== TASK DESCRIPTION ==
In the data below, find the line containing "Starter Kit Magic 8K 2% – Tick Tock" and the line containing "Heiligenstädter Pfarrkirche St.", then reproduce them and every line between, exactly. Omit pictures.

== PROVIDED MATERIAL ==
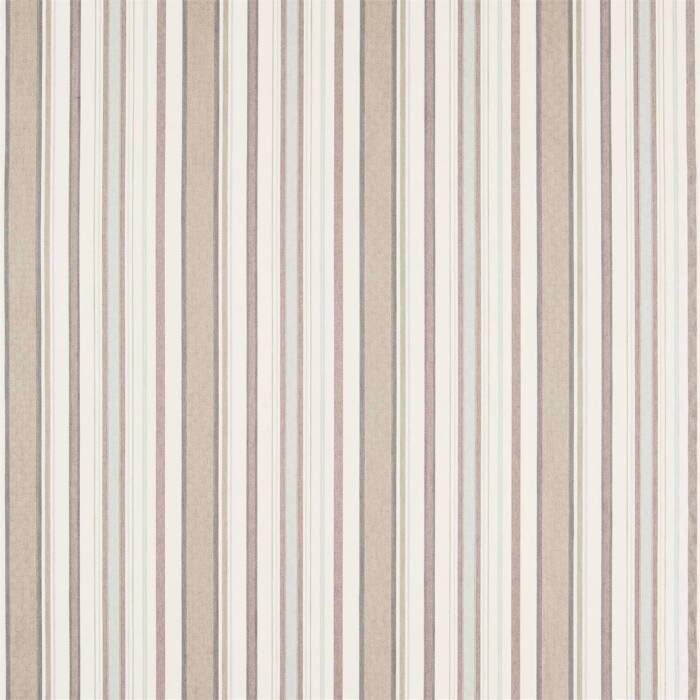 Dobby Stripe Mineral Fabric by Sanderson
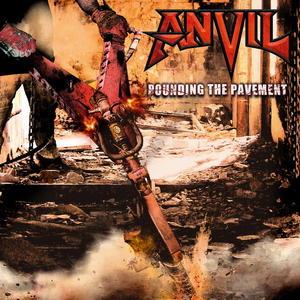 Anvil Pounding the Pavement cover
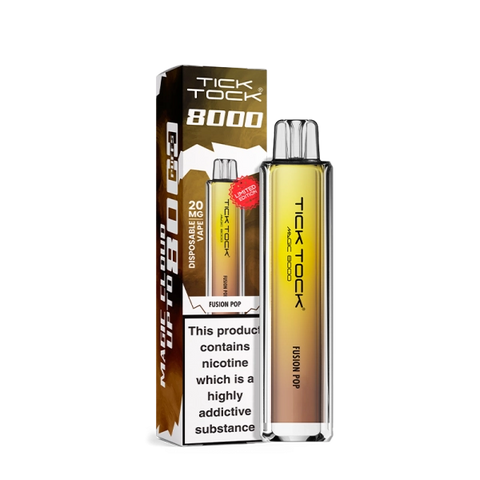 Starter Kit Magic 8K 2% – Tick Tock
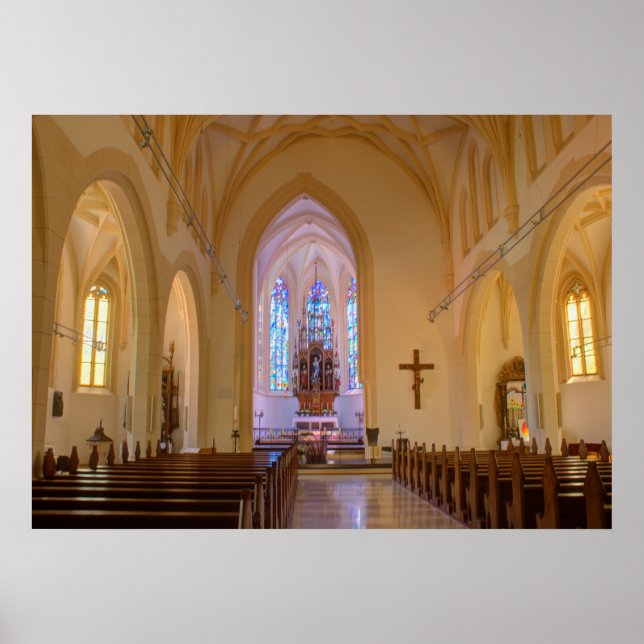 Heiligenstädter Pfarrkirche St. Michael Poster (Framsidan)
---
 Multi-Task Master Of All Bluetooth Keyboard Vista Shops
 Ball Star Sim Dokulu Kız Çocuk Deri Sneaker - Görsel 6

== ANSWER SPACE ==
 Starter Kit Magic 8K 2% – Tick Tock
 Heiligenstädter Pfarrkirche St. Michael Poster (Framsidan)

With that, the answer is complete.